DATASET EXCERPT
---------------

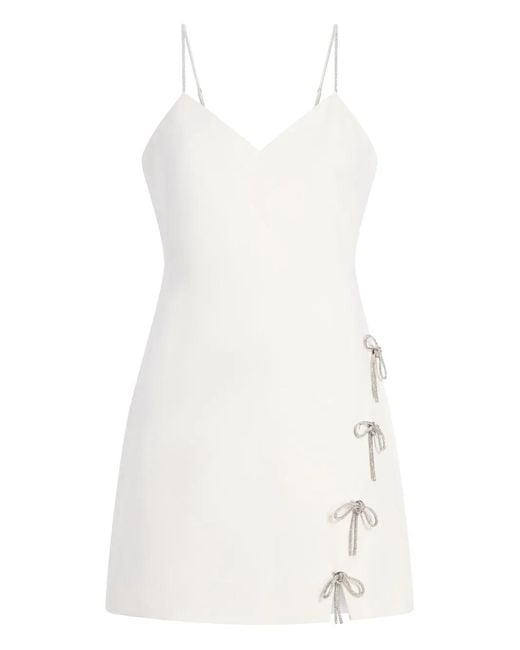 Cinq À Sept White Corded Rhinestone Bow Rella Dress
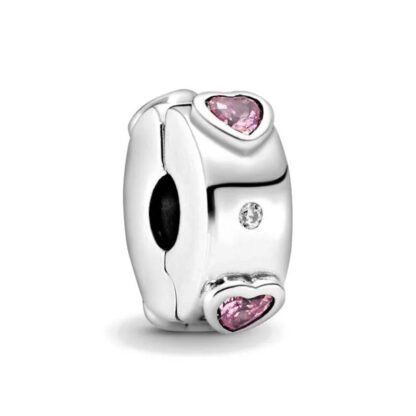 Silver Sparse Pink Heart Gems Charm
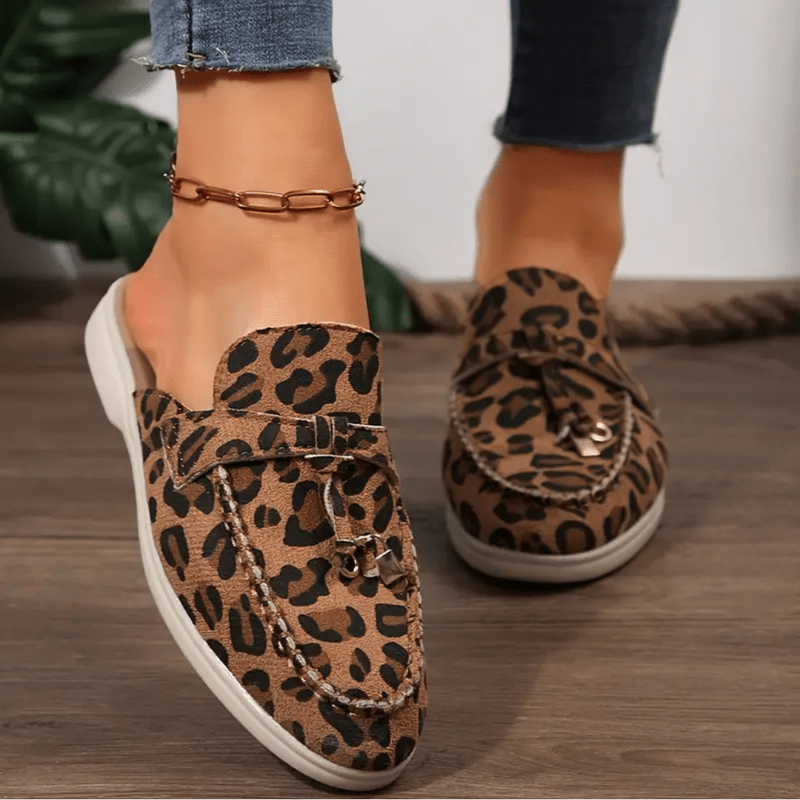 Moira Moccasins Woman – Leopard Mules Without Heel with Soft Sole & Wild Style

---------------

ABOUT THIS TASK
The material shown above is to be repeated verbatim, and its pictures are to be omitted.

RESPONSE FOR THIS EXERCISE
 Cinq À Sept White Corded Rhinestone Bow Rella Dress
 Silver Sparse Pink Heart Gems Charm
 Moira Moccasins Woman – Leopard Mules Without Heel with Soft Sole & Wild Style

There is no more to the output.